BEGIN

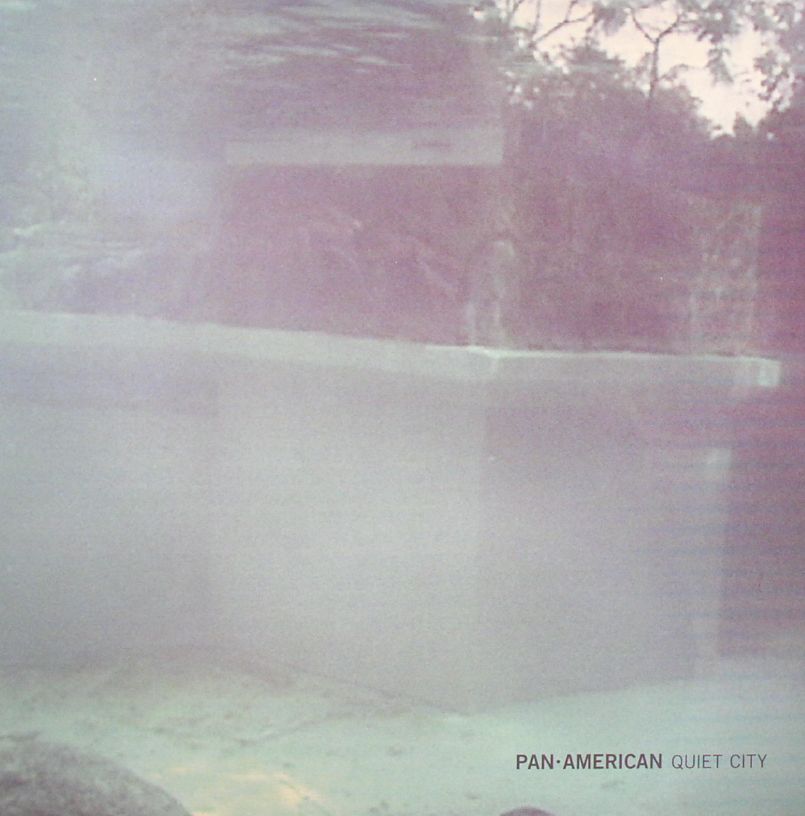PAN AMERICAN - Quiet City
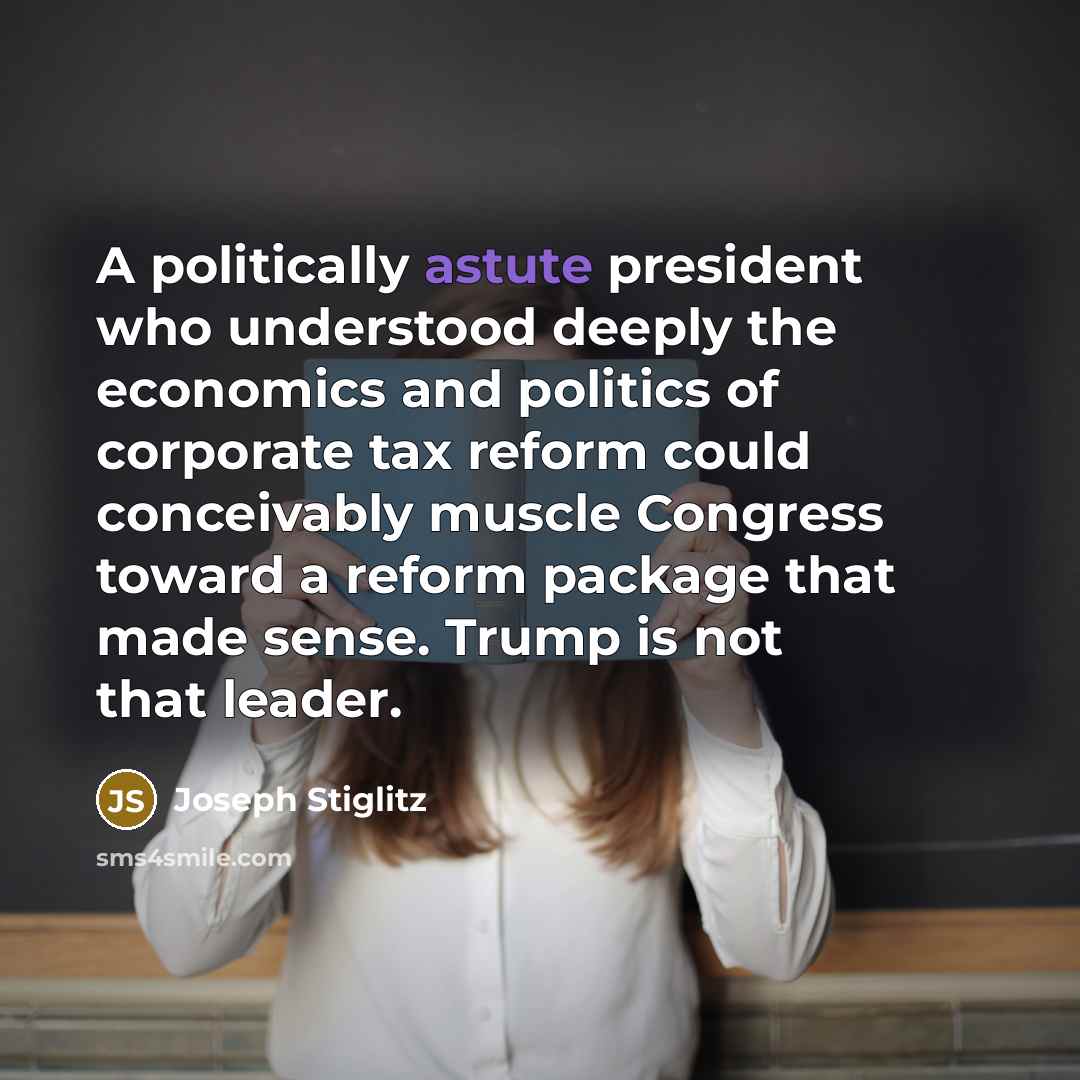 “A politically astute president who understood deeply the economics and politics of corporate tax reform could conceivably muscle Congress toward a reform package that made sense. Trump is not that leader.” quote by Joseph Stiglitz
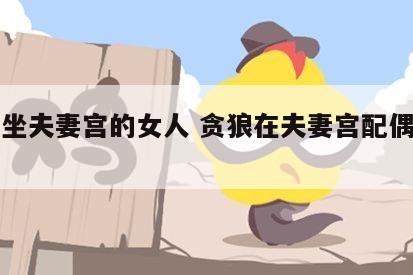 贪狼坐夫妻宫的女人 贪狼在夫妻宫配偶漂亮吗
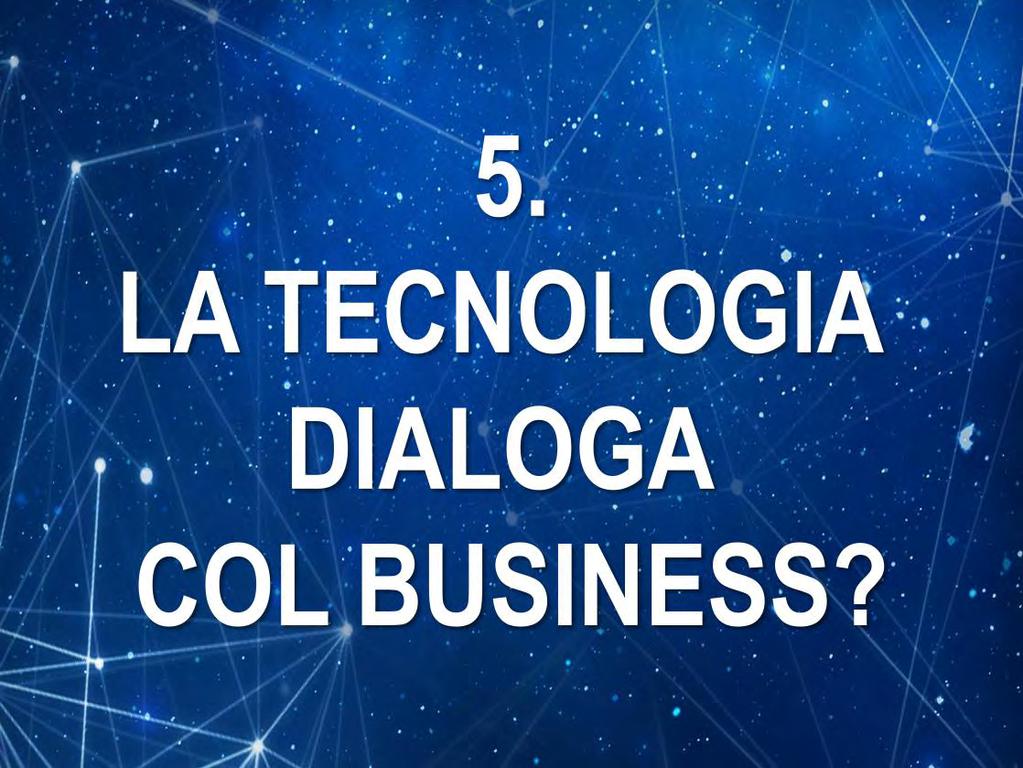 5. Senza capire il modo in cui fanno business le PMI e le Grandi imprese manifatturiere italiane, l'internet of Things «Made in Italia» è possibile?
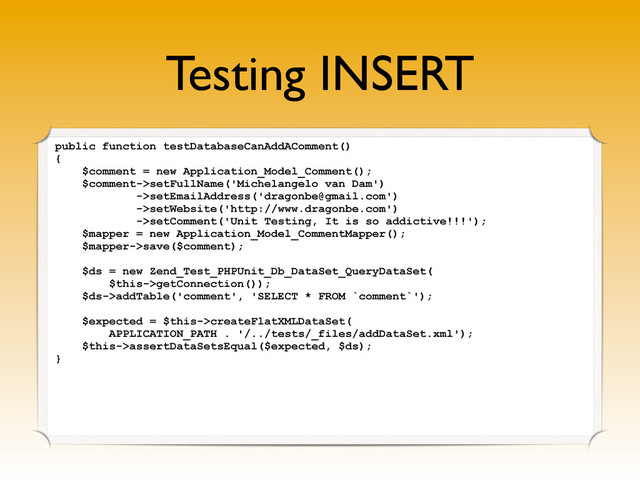 Testing INSERT
public function testDatabaseCanAddAComment()
{
$comment = new Application_Model_Comment();
$comment->setFullName('Michelangelo van Dam')
->setEmailAddress('dragonbe@gmail.com')
->setWebsite('http://www.dragonbe.com')
->setComment('Unit Testing, It is so addictive!!!');
$mapper = new Application_Model_CommentMapper();
$mapper->save($comment);
$ds = new Zend_Test_PHPUnit_Db_DataSet_QueryDataSet(
$this->getConnection());
$ds->addTable('comment', 'SELECT * FROM `comment`');
$expected = $this->createFlatXMLDataSet(
APPLICATION_PATH . '/../tests/_files/addDataSet.xml');
$this->assertDataSetsEqual($expected, $ds);
}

END

### Exercise instructions
In the answer, the data should reappear exactly, with no pictures.

### Written answer
PAN AMERICAN - Quiet City
 “A politically astute president who understood deeply the economics and politics of corporate tax reform could conceivably muscle Congress toward a reform package that made sense. Trump is not that leader.” quote by Joseph Stiglitz
 贪狼坐夫妻宫的女人 贪狼在夫妻宫配偶漂亮吗
 5. Senza capire il modo in cui fanno business le PMI e le Grandi imprese manifatturiere italiane, l'internet of Things «Made in Italia» è possibile?
 Testing INSERT
public function testDatabaseCanAddAComment()
{
$comment = new Application_Model_Comment();
$comment->setFullName('Michelangelo van Dam')
->setEmailAddress('dragonbe@gmail.com')
->setWebsite('http://www.dragonbe.com')
->setComment('Unit Testing, It is so addictive!!!');
$mapper = new Application_Model_CommentMapper();
$mapper->save($comment);
$ds = new Zend_Test_PHPUnit_Db_DataSet_QueryDataSet(
$this->getConnection());
$ds->addTable('comment', 'SELECT * FROM `comment`');
$expected = $this->createFlatXMLDataSet(
APPLICATION_PATH . '/../tests/_files/addDataSet.xml');
$this->assertDataSetsEqual($expected, $ds);
}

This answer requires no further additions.